En verano emprendíamos la gran odisea de llegar hasta Andalucía. En España, los automóviles iban por delante de las obras públicas. La salida de Madrid tenía varios pasos a nivel, entre las chabolas y chatarreros del barrio de los Ángeles, incluído el de Aranjuez; la cuesta de la Reina era nuestra primera prueba para el mareo. Tras comer en alguna sombra o en un bar de Valdepeñas llegábamos a Infantes y a partir de allí seguíamos por las carreteras sin asfaltar de los polvorientos Campos de Montiel, con baches abismales; pasado Albaladejo, para atravesar Sierra Morena, nos daba la bienvenida un triágulo oxidado que decía ‘tres curvas’, y eran como cien, y una encina de la que colgaban muertas y semipodridas las alimañas que cazaban los pastores y que ofrecía despojos interesantes.  Aquellos polvorientos y cervantinos caminos –desde Don Quijote no había pasado nadie por allí- podían convertirse en barrizales, como a la salida de Montiel donde ya nos quedamos atascados varias veces y nos tuvieron que sacar un par de mulos del barro. En Montiel las casas tenían como un zócalo rojo de las salpicaduras del barro y la gente miraba pasar los rarísimos coches que por allí se aventuraban como si fueran alucinaciones. En aquellos viajes de estío nos dábamos por contentos cuando no teníamos ningún pinchazo y cogíamos los sesenta por hora algún rato. Ya nos tuvimos que volver alguna vez por una junta de culata quemada o quedarnos las horas muertas tras dos pinchazos sucesivos por El Bonillo, en otra ruta que por un tiempo intentamos abrir. Cuando llegábamos por fin al pueblo, sudados, aturdidos y con olor a vómito, el coche tenía una capa de fino polvo rojo que lo africanizaba.

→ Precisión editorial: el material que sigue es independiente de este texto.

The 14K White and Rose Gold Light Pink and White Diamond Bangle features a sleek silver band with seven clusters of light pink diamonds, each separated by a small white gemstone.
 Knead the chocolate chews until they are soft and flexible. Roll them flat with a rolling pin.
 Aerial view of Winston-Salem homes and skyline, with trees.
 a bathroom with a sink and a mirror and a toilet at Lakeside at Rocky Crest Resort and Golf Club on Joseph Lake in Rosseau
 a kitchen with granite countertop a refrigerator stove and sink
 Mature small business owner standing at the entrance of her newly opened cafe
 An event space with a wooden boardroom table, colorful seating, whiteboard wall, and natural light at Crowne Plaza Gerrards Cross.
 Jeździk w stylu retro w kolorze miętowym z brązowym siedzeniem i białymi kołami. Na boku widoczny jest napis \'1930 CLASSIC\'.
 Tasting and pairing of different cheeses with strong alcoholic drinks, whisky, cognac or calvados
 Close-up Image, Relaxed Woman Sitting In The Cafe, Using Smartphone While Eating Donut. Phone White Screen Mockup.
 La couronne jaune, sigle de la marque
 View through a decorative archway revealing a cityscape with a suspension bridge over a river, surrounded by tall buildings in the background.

Una vez en el campo, no nos volvíamos a mover hasta finales de septiembre o incluso primeros de octubre, los trayectos eran cortos y el Seiscientos lo más que hacía, que no era poco, era volver a la cercana Sierra Morena a llevar de caza al personal o subir a Santiago de la Espada a la codorniz. Las bicicletas, el carro y el puro borceguí sustituían al automóvil.